Death or incapacitation of key leader
CloudCard’s Managing Director and Principal Engineer, along with any other executive level roles should each designate another employee as their alternate. The alternate should be briefed on the responsibilities of the given role and able to perform interim responsibilities in case of death or incapacitation or other prolonged inability to work or advise of the person in the given role. The level of alternate briefing should be evaluated during executive vacation, and a debrief after each executive vacation should identify the areas of the alternate’s briefing that need to be improved.
Small Scale Events that are out of scope
The following are examples of events that are not large enough in scale to warrant activation of this plan.
Loss of connectivity for a single employee
Laptop failure for a single employee.
Loss of availability of a production application or service necessary to CloudCard’s operations that either (a) does either not affect all of CloudCard’s core services, or (b) is short-lived (outage lasting less than 4 hours)
Appendix: Asset RPO and RTO
Asset | Scenario | Recovery Strategy | Recovery Time Objective (RTO) | Recovery Point Objective (RPO) |
AWS Data and Services | Amazon data center failure or destruction | Autoscaling, failover, or restoration of backups | < 1 hour | < 1 hour |
Main Office | Major utility Outage | Alternate work location | < 1 hour | < 1 hour |
Employee Home Offices | Major utility outage | Alternate work location | < 12 hours | < 12 hours |
Google Workspaces | Major service outage | Rely on Google SLAs | ||
HelpScout | Major service outage | Use Gmail until service restored |
Appendix: Test Plan
The Managing Director and Principal Engineer will meet with all other relevant employees for the following:
Read through the plan and address any questions.
Test the employee safety confirmation process.
For each of the scenarios defined in Appendix: Scenarios, craft an example of that scenario, and walk through how the plan would be implemented in that scenario. Document the estimated time taken for each action; including failures to follow the plan that are discovered later in the conversation. For technical actions that can be simulated, note those actions for later simulation and continue the walkthrough.
Simulate the actions noted in step 2, and add the actual RPO and RTO achieved during these simulations to the walk-through notes. These actions should include (but are not limited to):
Test failover of database to another availability zone and adding a new read replica to the cluster.
Test scaling up the application cluster to introduce new servers in a different availability zone to replace others lost in the outage. Ensure that all availability zones in the region can be used by the cluster.

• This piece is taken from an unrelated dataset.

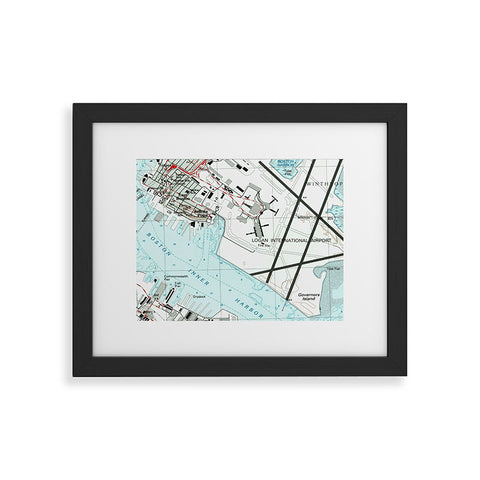 Adam Shaw Boston Logan Airport Map Framed Art Print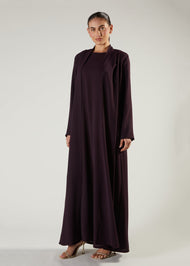 Two Piece Open Abaya Plum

Test deploying a completely new database cluster from a database backup.
Test deploying a completely new application cluster.
Perform an after action review - collect all suggestions from all those included in the test for review.
Document the test results and after action review notes.
Update this Plan based on the results and suggestions.
Appendix: Planned Improvements
Use cross region replication of data to sustain disasters affecting an entire region. This replication should ensuring data residency compliance. For our Canadian customers, this will be implemented as the AWS Canada West (Calgary) Region becomes available.